Texte, die man für anstößig oder zu gewagt hielt, hat man natürlich leicht verändert. So hat man zum Beispiel aus dem „Leichnam“ von Johannes dem Täufer lieber den „Leib“ von Johannes gemacht (Mt 14,12 „Und seine Jünger kamen herzu, hoben den Leichnam auf und begruben ihn. Und sie kamen und berichteten es Jesus.“) usw.

g) Erklärende Zusätze oder Änderungen

Manchmal wurden längere Ergänzungen hinzugefügt. Zuweilen wollte man offensichtlich den Bibeltext bewusst um eine biblische Lehre „bereichern“. Beispielsweise setzte man später hinter fast jedes neutestamentliche Buch das Wort „Amen“. Oder man erweiterte das „beten“ in 1. Korinther 7,5 „Entzieht euch einander nicht, es sei denn etwa nach Übereinkunft eine Zeit lang, um zum Beten Muße zu haben; und kommt wieder zusammen, damit der Satan euch nicht versuche wegen eurer Unenthaltsamkeit.“ zu „fasten und beten“.

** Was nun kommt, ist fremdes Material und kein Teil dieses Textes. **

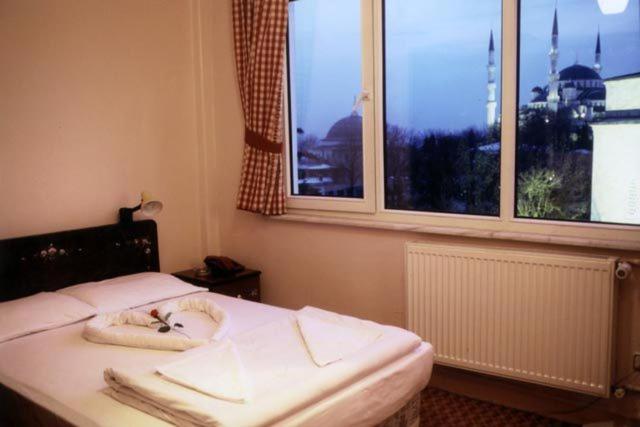 اتاق استاندارد یک نفره, No20 Hotel Sultanahmet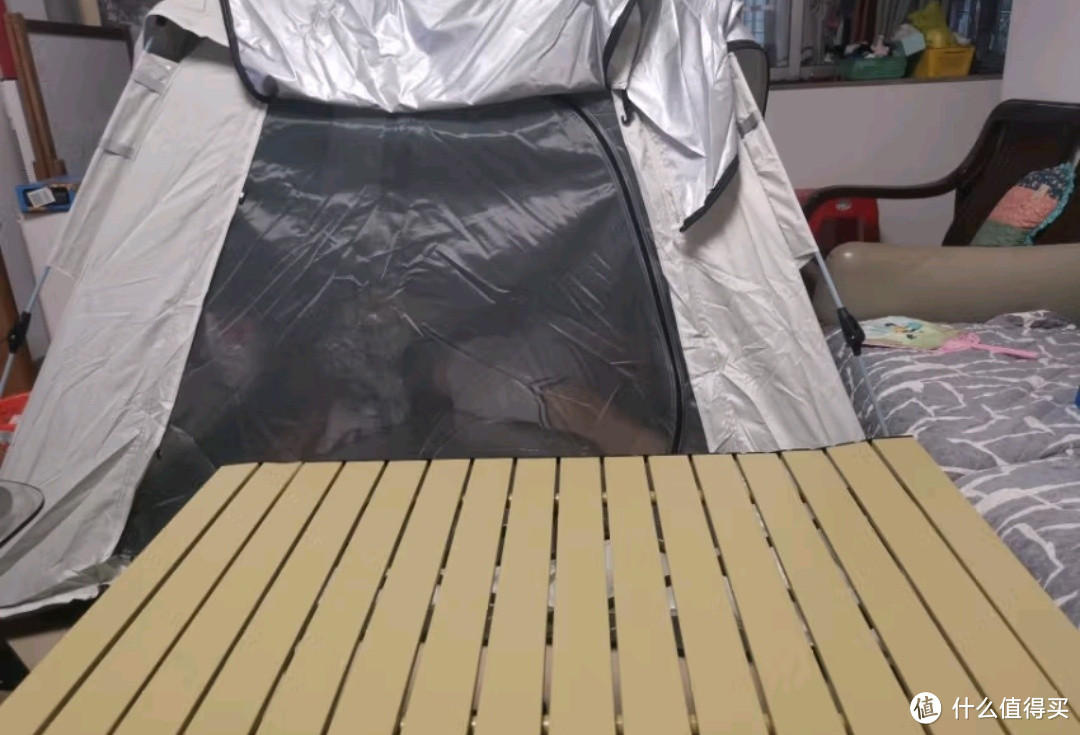 骑趣露营好物之探险者（TAN XIAN ZHE）天幕帐篷户外露营帐篷全自动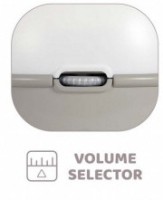 Ночной светильник Chicco Next2 Stars Beige (986300) фото №2 — интернет-магазин Desire.md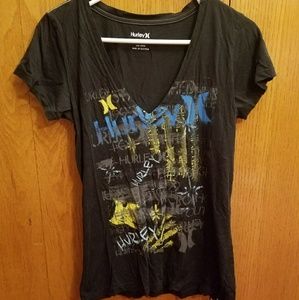 Hurley shirt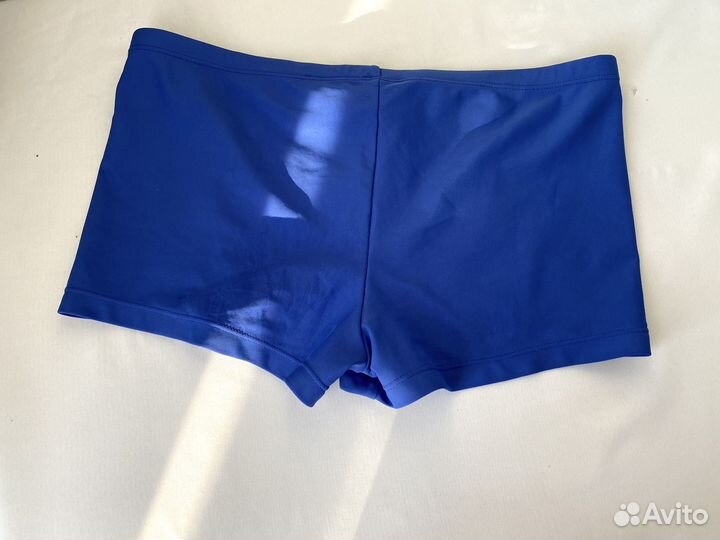 Плавки - шорты мужские для плавания joss 50 синий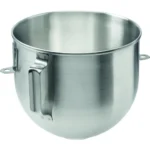 Accesoriu Bol Din Oțel Inoxidabil Pentru Mixer De Bucătărie K7P AIKC7SB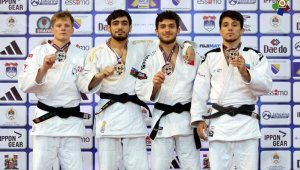 İzmir BŞB'nin judoda madalya gururu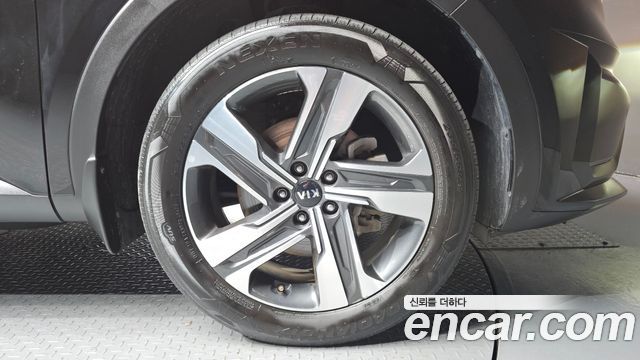 Kia Sorento 4-го поколения HEV 1.6 2WD Noblesse - фото 4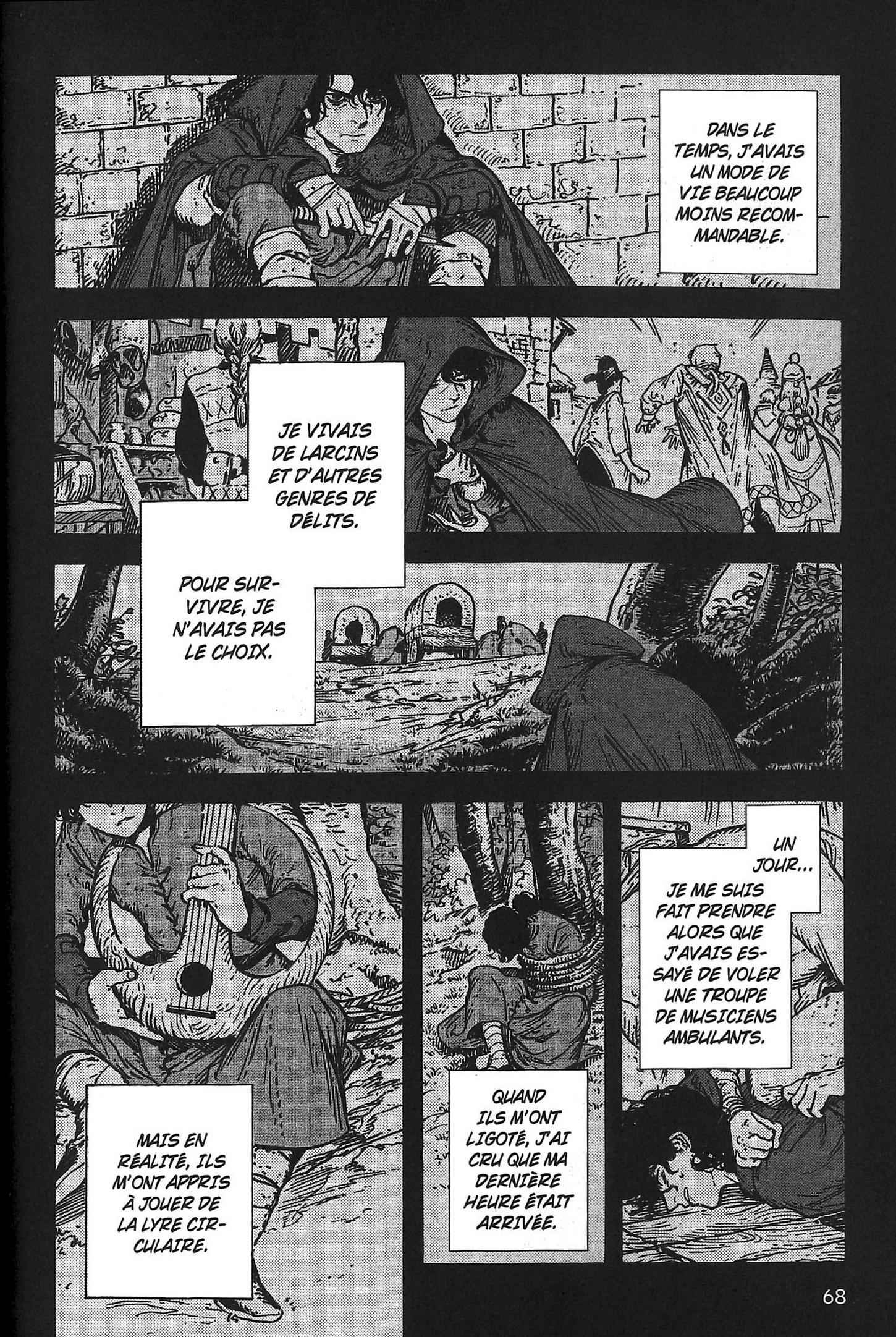 Read L'Atelier des Sorciers FR Manga Online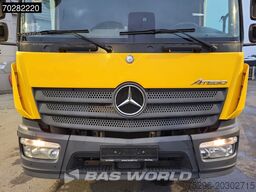 Mercedes Atego 1324 Atego 4X2 Thermo-King T1200R 1500kg ...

Solche Zusätze führen nicht nur zu einer Verfälschung des Textes. Teilweise werden auch unbiblische Gedanken eingeführt. Zumindest stören diese Einfügungen den Zusammenhang. Beispielweise wurde das sogenannte Vaterunser in der alten Kirche als Gebetsformel verwendet. Es war nun sehr unpraktisch, dass das Gebet in Matthäus 6 eine andere Gestalt hatte als in der Parallelstelle in Lukas 11. Um das Gebet zu vereinheitlichen, hat man kurzerhand die (kürzere) Fassung von Lukas 11 mit Zutaten aus Matthäus 6 „bereichert“. Man hat nicht verstanden, dass das „Vaterunser“ kein formelhaftes Gebet sein sollte und deshalb gar nicht formal gleich sein musste, ja gar nicht sein durfte. Man hat nicht gesehen, dass die verschiedenen Fassungen bei Matthäus und Lukas in Wirklichkeit wichtige Aufschlüsse über den Charakter der beiden Evangelisten geben. Der Satz „Dein Wille geschehe, wie im Himmel, so auch auf Erden“ steht zum Beispiel nur bei Matthäus, weil er eine treffende Schilderung der Verhältnisse des Tausendjährigen Reiches bietet.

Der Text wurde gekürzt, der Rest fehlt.